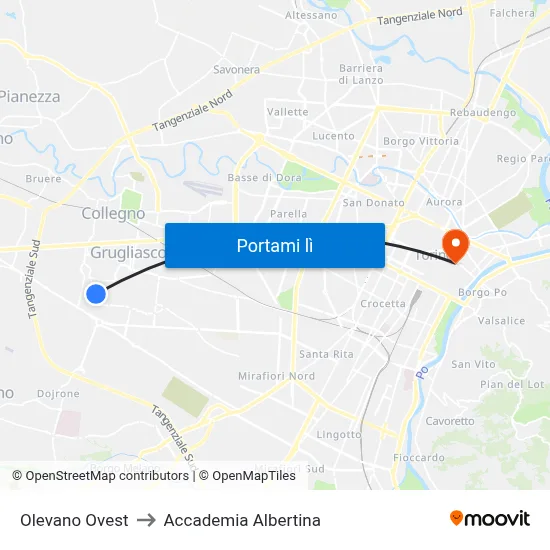 Olevano Ovest to Accademia Albertina map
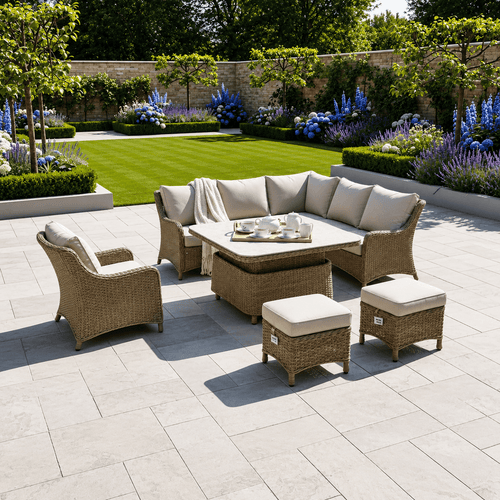 Larca Curve Corner Sofa Set with 2 Stools, Piston Height Adjustable Table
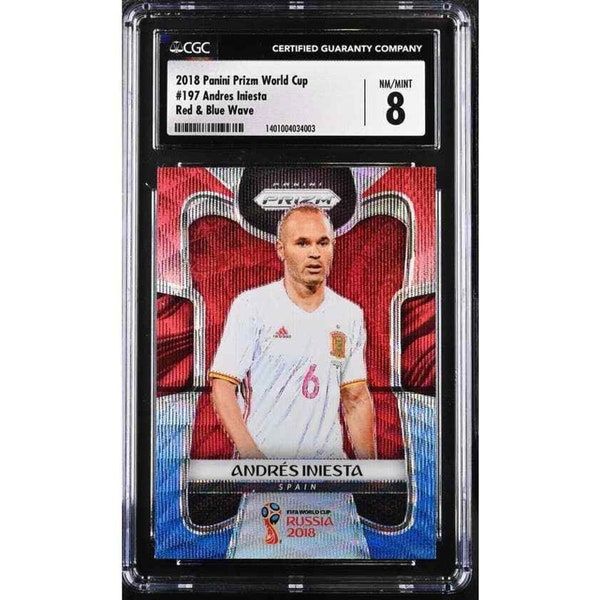 2018 Panini Prizm World Cup 197 Andres Iniesta Red/Blue Wave CGC 8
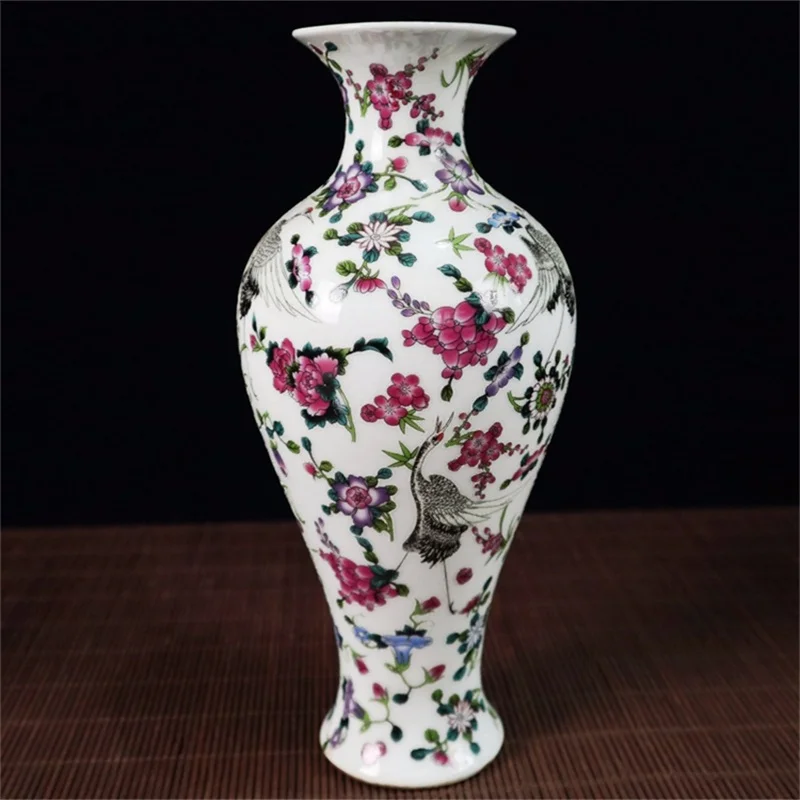 

China Old Porcelain Pastel Crane Pattern Night Luminous Bottle Vase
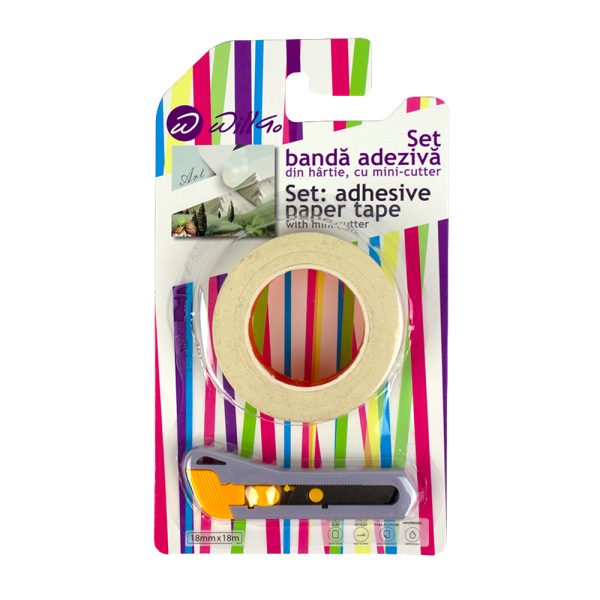 Set banda adeziva hartie 18mm*18m cu mini-cutter Willgo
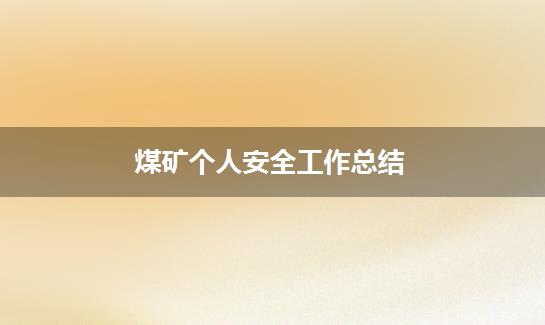 煤矿个人安全工作总结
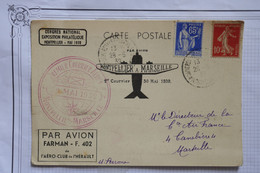 AK8  FRANCE  BELLE CARTE  30 MAI 1939 1ER COURRIER MONTPELLIER   A MARSEILLE+ FARMAN++ + AFFRANCH. INTERESSANT - 1960-.... Briefe & Dokumente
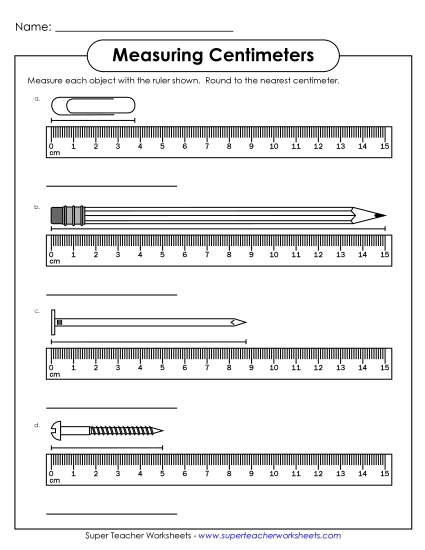 Measuring Centimeters - Measuring to the Nearest Centimeter #1 Measuring Centimeters - Measuring to the Nearest Centimeter #1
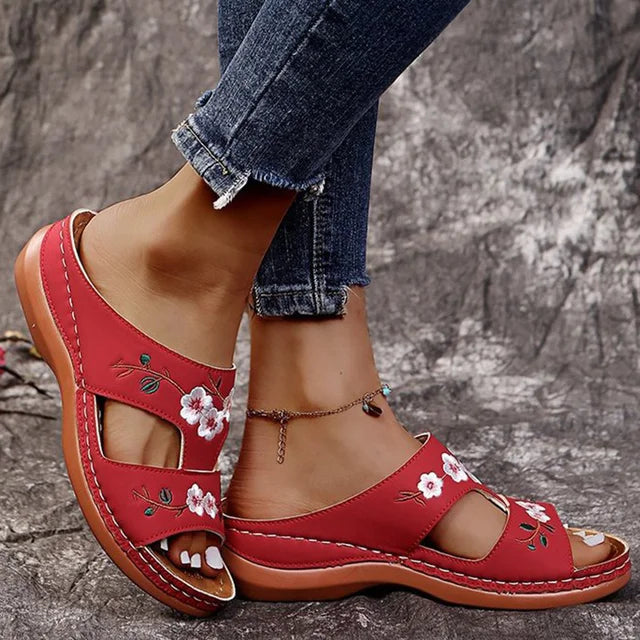 Zomer Sandalen Sleehak Luxe Leer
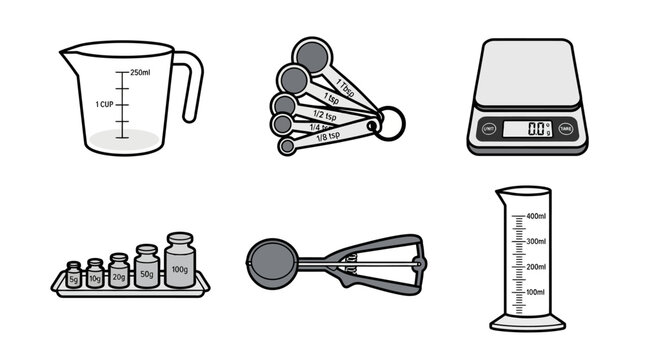 Measuring tools for baking and laboratory use are depicted as a set of monochromatic icons for precise ingredient calculation.
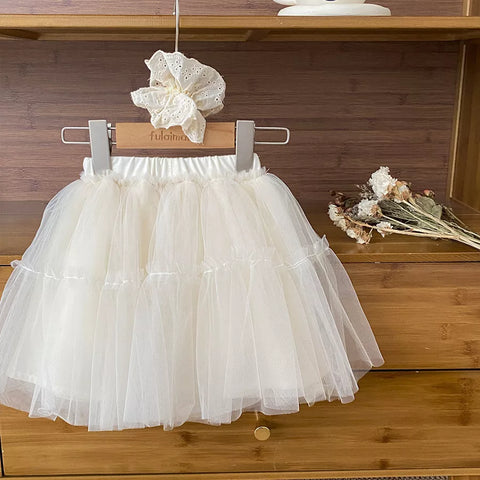 Girls Ivory Tutu Bow Detail Skirt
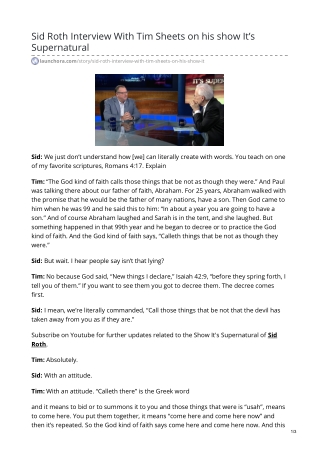 Sid Roth Interview Session with Tim Sheets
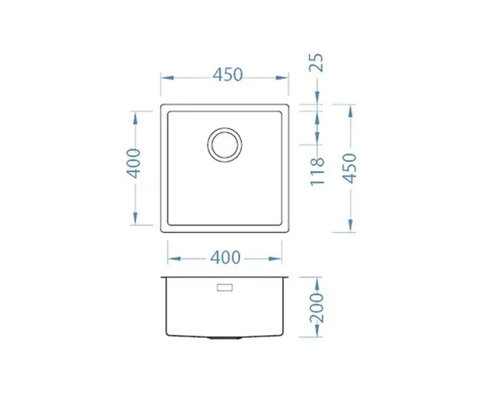Teknisk ritning av en diskho med mått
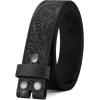 imageCHAOREN Western Belts for Men without Buckle  Cowboy Belt 15quot Full Grain Leather Belt for Jeans  One Solid Piece LeatherDistressed Black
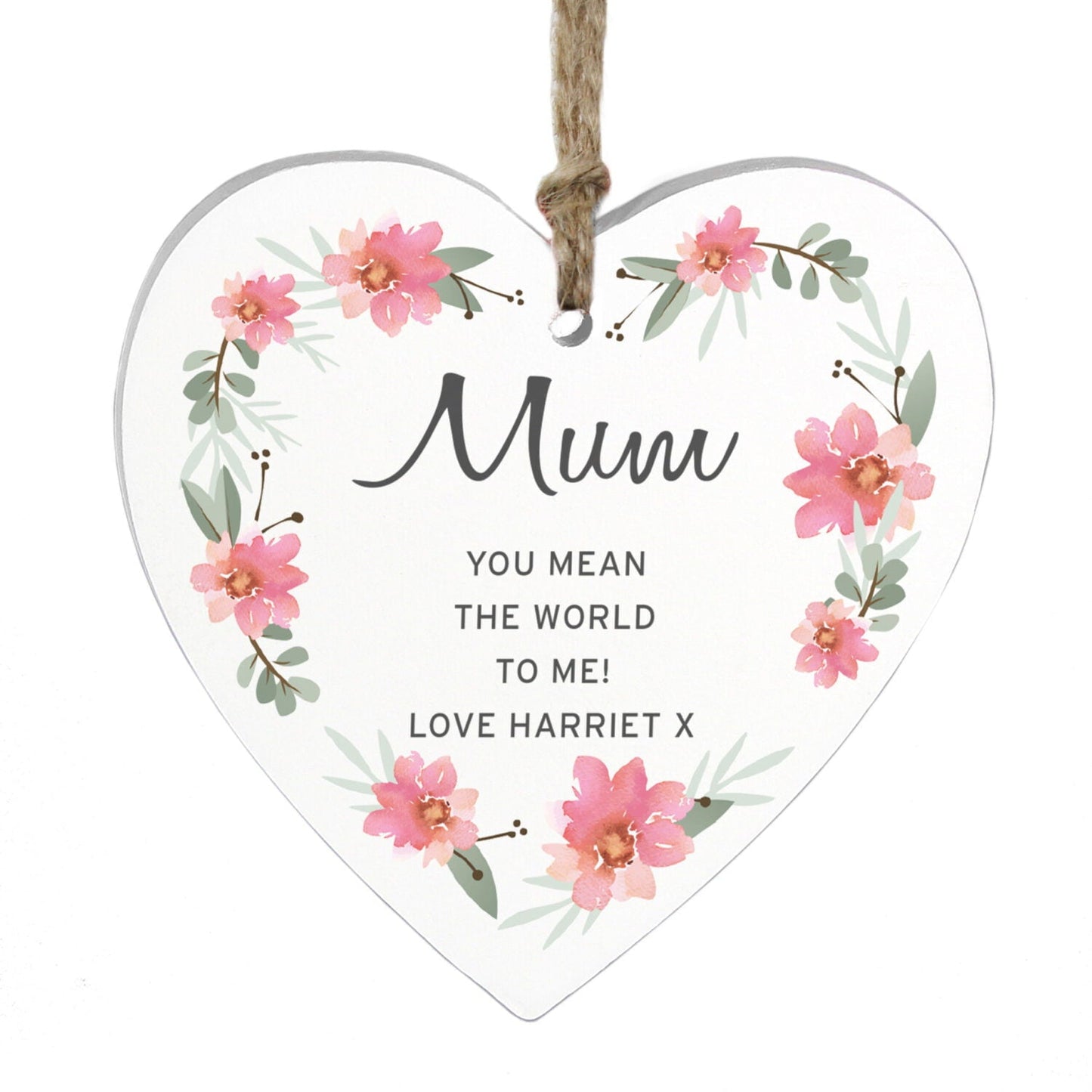 Personalised Floral Sentimental Wooden Heart Decoration: 5 - Decorations By Gift Moments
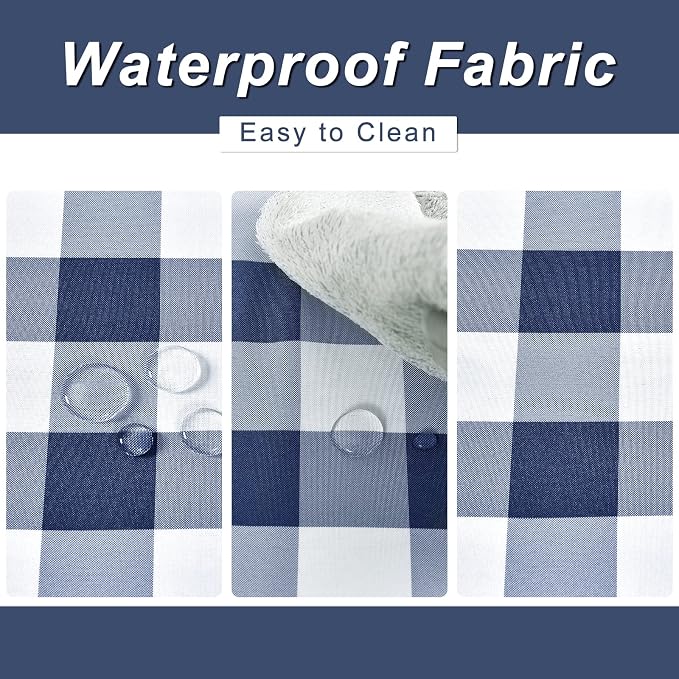Hiasan Buffalo Plaid Table Runner, Classic Farmhouse Tabletop Collection, Waterproof Table Runner for Kitchen Dining, Banquet, Restaurant, Outdoor Use, 14W x 72L, Navy Blue and White, 1 Piece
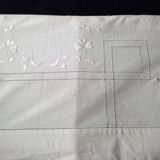 White cotton sheet with embroidery and openwork 2.25 x 3.05 m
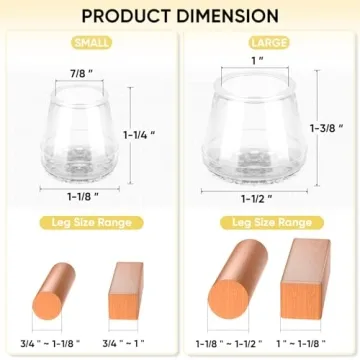 BALEINE Silicone Chair Leg Protectors for Hardwood Floors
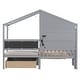 preview thumbnail 7 of 14, Grey Twin Size House Shape Bed with Upholstered Sofa, Charging Station, Wireless Charging, Shelves and Two Drawers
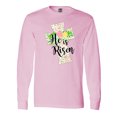 thumbnail image 1 of Inktastic He is Risen Cross with Script and Flowers Long Sleeve T-Shirt, 1 of 5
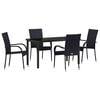 vidaXL Conjunto de Jantar para Jardim 5 unid. Preto A&ccedil;o revestido a p&oacute;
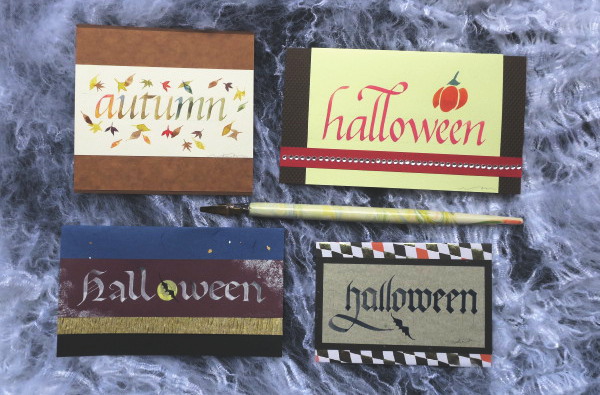 Halloween card italic gothic rutunda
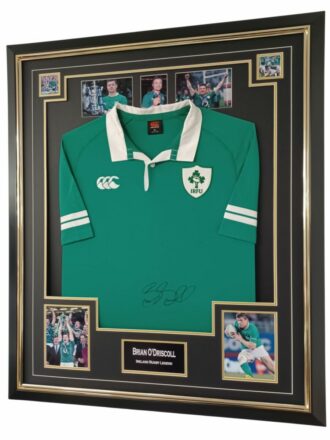 BRIAN O'DRISCOLL SIGNED IRELAND RUGBY JERSEY FRAMED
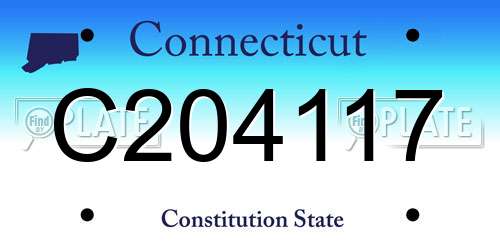 C204117 Connecticut License Plate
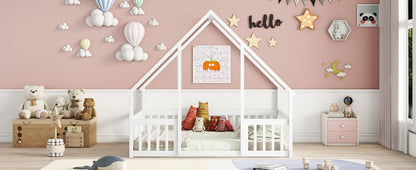 Full Wood House-Shaped Floor Bed With Fence, Guardrails - White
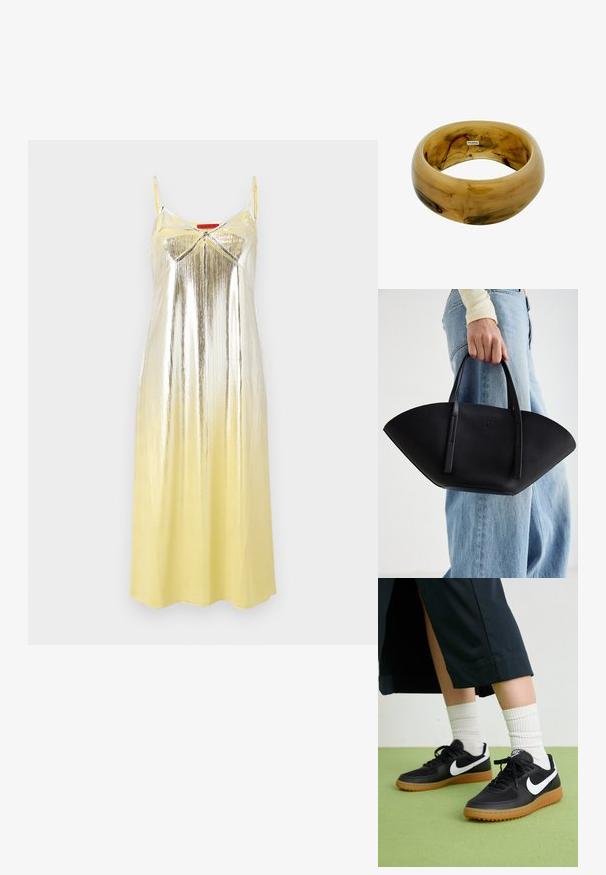MAX&Co. BRIGHTON - Koktejlové šaty / šaty na párty - yellow; Černé kožené a syntetické tenisky s bílým logem Nike, gumovou podrážkou, kulatou špičkou a černými tkaničkami. Viditelné žebrované bílé ponožky.; Černá kožená kabelka s jedinečným tvarováním ve tvaru vějíře, vybavená plochými uchy. Povrch má jemně zrnitou texturu a minimalistický design.; Průhledný hnědý pryskyřicový náramek s hladkým, zaobleným povrchem a jemnými mramorovými vzory; na vnitřní straně má malou značkovou etiketu.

# [PROBLEM]
The required result is the entries above, printed exactly from the first line through the line with "China Old Porcelain", pictures excluded.

# [RESPONSE TO THE TASK]
 Olevano Ovest to Accademia Albertina map
 Larca Curve Corner Sofa Set with 2 Stools, Piston Height Adjustable Table
 2018 Panini Prizm World Cup 197 Andres Iniesta Red/Blue Wave CGC 8

China Old Porcelain Pastel Crane Pattern Night Luminous Bottle Vase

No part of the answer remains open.